International Journal of Computer Applications |
Foundation of Computer Science (FCS), NY, USA |
Volume 140 - Number 4 |
Year of Publication: 2016 |
Authors: Mitali J. Patel, Neha Parmar, Maheshwari Nilesh A. |
10.5120/ijca2016909289 |
Mitali J. Patel, Neha Parmar, Maheshwari Nilesh A. . Comparative Analysis on Feature Descriptor Algorithms to Aid Video Stabilization and Smooth Boundary Reconstruction using In-painting and Interpolation. International Journal of Computer Applications. 140, 4 ( April 2016), 35-39. DOI=10.5120/ijca2016909289
This paper presents a fast and efficient video stabilization method based on the Speeded-up robust features (SURF). We adopted speeded-up robust features as feature descriptor, which are extracted and tracked in each frame .This extracted features are matched through SURF, matched features were used to estimate the geometric transformation between the frames.
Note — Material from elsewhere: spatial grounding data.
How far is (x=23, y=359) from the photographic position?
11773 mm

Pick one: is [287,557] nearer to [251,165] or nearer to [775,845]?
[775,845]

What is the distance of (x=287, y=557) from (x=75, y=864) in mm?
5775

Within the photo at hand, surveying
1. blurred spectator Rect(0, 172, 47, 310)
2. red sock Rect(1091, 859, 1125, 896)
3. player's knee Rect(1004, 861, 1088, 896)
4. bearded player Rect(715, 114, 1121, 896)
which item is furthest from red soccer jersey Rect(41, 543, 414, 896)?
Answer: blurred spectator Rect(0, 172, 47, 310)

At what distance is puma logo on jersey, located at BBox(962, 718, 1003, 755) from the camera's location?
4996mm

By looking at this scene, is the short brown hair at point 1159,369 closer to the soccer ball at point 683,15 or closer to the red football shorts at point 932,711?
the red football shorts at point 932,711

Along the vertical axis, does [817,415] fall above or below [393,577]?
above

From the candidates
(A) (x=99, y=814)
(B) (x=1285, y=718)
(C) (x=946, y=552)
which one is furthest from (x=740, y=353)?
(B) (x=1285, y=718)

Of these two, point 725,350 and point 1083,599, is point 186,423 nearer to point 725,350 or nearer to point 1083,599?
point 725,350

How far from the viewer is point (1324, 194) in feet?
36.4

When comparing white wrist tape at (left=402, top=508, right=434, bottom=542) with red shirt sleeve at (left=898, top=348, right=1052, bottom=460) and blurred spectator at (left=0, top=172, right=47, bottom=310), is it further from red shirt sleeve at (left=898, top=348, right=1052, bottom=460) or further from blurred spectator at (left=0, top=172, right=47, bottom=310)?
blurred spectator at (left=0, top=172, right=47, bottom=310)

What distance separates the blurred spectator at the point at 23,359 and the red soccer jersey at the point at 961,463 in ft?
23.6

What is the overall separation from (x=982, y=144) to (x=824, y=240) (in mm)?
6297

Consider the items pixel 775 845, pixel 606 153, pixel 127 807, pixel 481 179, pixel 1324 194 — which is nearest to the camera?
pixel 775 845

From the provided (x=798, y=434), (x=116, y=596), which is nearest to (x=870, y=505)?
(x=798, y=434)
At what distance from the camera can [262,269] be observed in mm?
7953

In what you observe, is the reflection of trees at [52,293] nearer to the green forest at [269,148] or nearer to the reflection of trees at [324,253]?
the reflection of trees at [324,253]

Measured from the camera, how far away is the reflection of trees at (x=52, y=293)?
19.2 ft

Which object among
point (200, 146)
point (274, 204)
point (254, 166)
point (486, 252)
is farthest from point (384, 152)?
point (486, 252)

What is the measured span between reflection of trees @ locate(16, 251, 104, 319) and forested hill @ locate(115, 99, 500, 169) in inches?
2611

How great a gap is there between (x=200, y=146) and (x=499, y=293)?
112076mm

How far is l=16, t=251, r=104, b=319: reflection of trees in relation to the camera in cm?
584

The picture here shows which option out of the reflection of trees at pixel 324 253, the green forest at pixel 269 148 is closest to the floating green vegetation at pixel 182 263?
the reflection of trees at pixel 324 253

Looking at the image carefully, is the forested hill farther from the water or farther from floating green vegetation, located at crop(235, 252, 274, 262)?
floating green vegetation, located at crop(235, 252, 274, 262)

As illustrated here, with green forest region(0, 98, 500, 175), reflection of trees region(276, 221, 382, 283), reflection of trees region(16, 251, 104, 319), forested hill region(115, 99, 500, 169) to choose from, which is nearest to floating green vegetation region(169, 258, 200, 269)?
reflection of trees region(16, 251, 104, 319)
Finally estimated transformation is applied to the frames to produce a new stabilized frame pair. After the geometric transformation is carried out, the resultant frames are almost stable. But the boundary region of stabilized frames requires a lot more attention as they are said to be black and some sort of filtering and inpainted work needs to be performed for better results and reconstruction of the obtained stabilized frames. Hence in the obtained stabilized frames, we need to estimate the exact location of the regions at the boundary where inpainting work is to be carried out. Experimental results illustrate superior performance of the SURF based video stabilization in terms of accuracy and speed as compared to other state of art algorithms based stabilization method.